SDRS allows an organization to manage the Time to Live (TTL) for objects in Google Cloud Storage (GCS)
according to retention policies based off of the creation time encoded in partition prefixes.
For example, the official age of an object could exist as follows:
bucketX/datasetY/{yyyy}/{mm}/{dd}/{hh}/log.txt
In this example, the information encoded in the object name rather than the GCS object metadata
creation time serves to define its age. An organization can define a TTL for datasets and thereby
reliably enforce object retention based on the encoded creation time.
At the most fundamental level, SDRS enforces object retention by mapping policy rules defining the time-to-live (TTL) for datasets existing in GCS buckets. Note, for scenarios where GCS object retention management can rely solely on object creation time rather than an encoded prefix, please see: Object Lifecycle Management
See the latest release and other releases for the details
SDRS is an open-source GCP GitHub project
SDRS exists in two main parts:
- A server side service exposing functionality through a RESTful API, see Server Components
- A sample client demonstrating interaction with the server side services, see Client Components
SDRS is primarily written in the Java 8 and Python 3 programming languages.
Maven is used as the Java build management tool.
Deployment Manager is used as the DevOps Cloud Orchestration tool.
Managed Instance Groups (MIGs)
Storage Transfer Service (STS)
To get started, clone the project from Google Cloud Platform's Github site here
The full source code for both the server along with a sample client are included in the project. Build and deployment instructions are included as well.
The instructions in this section describe how to quickly get started and deploy SDRS to a DEV GCP environment.
- Ensure your local environment compiles and builds using Maven:
mvn clean install package
-
Create a CloudSQL instance.
-
Run MySQL DDL or mods to create/update a database schema in the Cloud SQL instance created above. Note, set log_bin_trust_function_creators to true to overcome a possible error you may encounter when creating the db trigger.
-
Create Pub/Sub infrastructure for SDRS to publish messages.
-
Build the SDRS Docker image.
-
Deploy the SDRS Docker Image you just built into a Compute Engine VM.
-
Run docker image on the VM:
- SSH to VM instance.
- Download your service account credential.json, which is used by SDRS.
- Create your env.txt, which sets application settings (i.e. database connection).
- Stop container
sudo docker container stop [your_container_id]
- Run the following to start SDRS
docker run --detach -v [crendential_json_dir_on_host]:[docker_mount] --name=sdrs --env-file=[your_env_txt] --publish=8080:8080 [your_docker_image]

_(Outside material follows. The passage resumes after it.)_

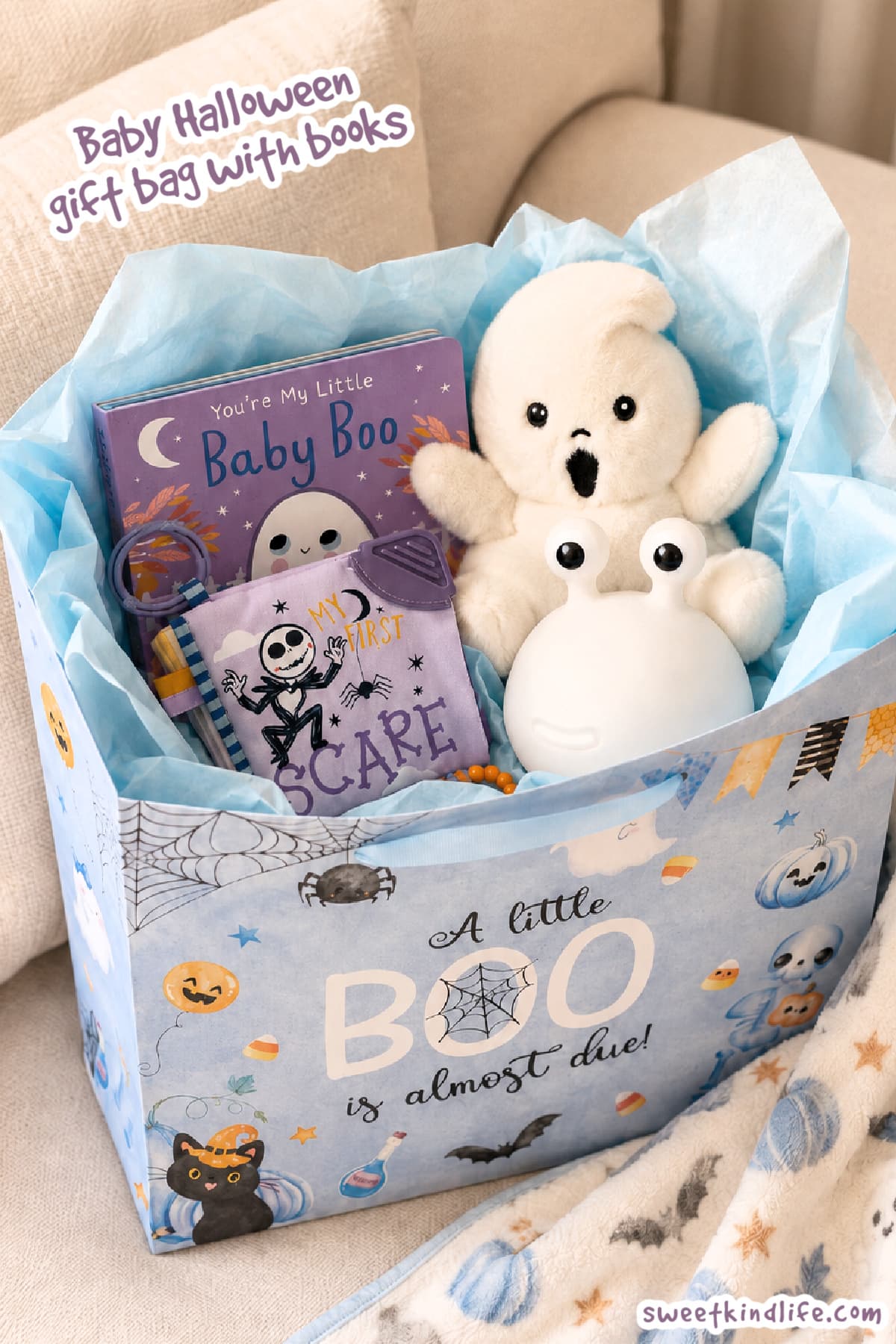 Baby Halloween Gift Bag with Books, Plushie and Night Light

Note, the application is configured by two key files found in the src/main/resources directory:
The sample appConfig.xml file contains example settings that can be leveraged for a development deployment. In general, values that are well known at compile/build/package time can be directly set in the applicationConfig file. For more details on these settings see, Configurable Values
However, values that need to be injected post build (during deployment) are set by token replacement environment variables.
See this sample environment file.
The instructions in this section serve as an example for deploying SDRS to a full production like GCP environment.

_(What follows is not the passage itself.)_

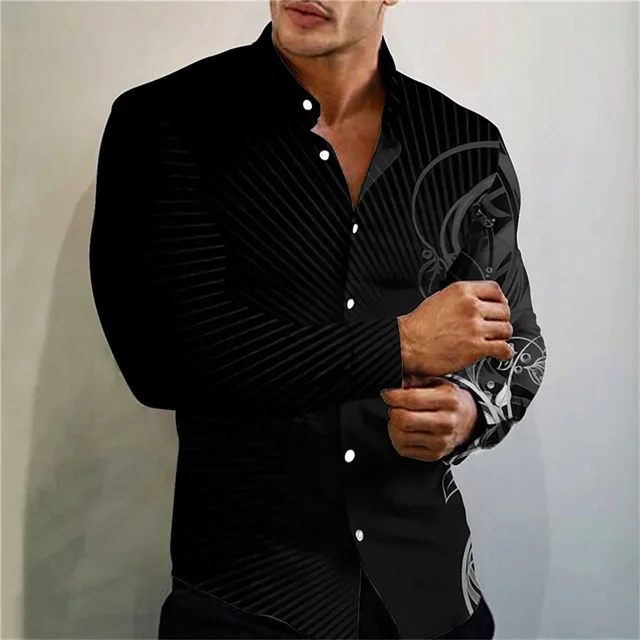 Nueva camisa polo con estampado de flores de moda social de lujo para hombre, camisa de manga larga de diseñador de vestuario de un solo pecho para hombre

For details see the main DevOps Deployment README.
In general, deploying SDRS to a production like environment should occur in the following order:
- Cloud SQL Infrastructure Deployment see the Cloud SQL Deployment README.
- MySQL DDL or mods execution see the MySQL Schema and mods.
- Pub/Sub Infrastructure Deployment the Server Pub/Sub Deployment README.
- MIG Deployment the MIG Deployment README.
- Cloud Function Deployment (Includes Client side Pub/Sub triggers) see the Client Cloud Functions README.
- Cloud Scheduler Crontab creation by way of the GCP Console UI see the Cloud Scheduler README.
The Configuration Service is a server side component that is responsible for exposing a RESTful API that handles CRUD operations for the retention policies.
The Configuration Service is the key touchpoint to SDRS when provisioning or updating retention policies. For more details, see the Configuration Service README.
The Execution Service is a server side component that is responsible for exposing a RESTful API that manages the execution of retention policy enforcement (i.e. the deletion of objects). The Execution Service is capable of enforcing object retention for three specific use cases:
- Retention Policies - dataset specific policies provisioned by way of the configuration service
- Default/Global Policy - a global dataset rule that serves as a catch-all for datasets not already covered by specific retention policies
- On-demand Delete Markers - ad hoc requests to delete specific datasets immediately
For more details, see the Execution Service README.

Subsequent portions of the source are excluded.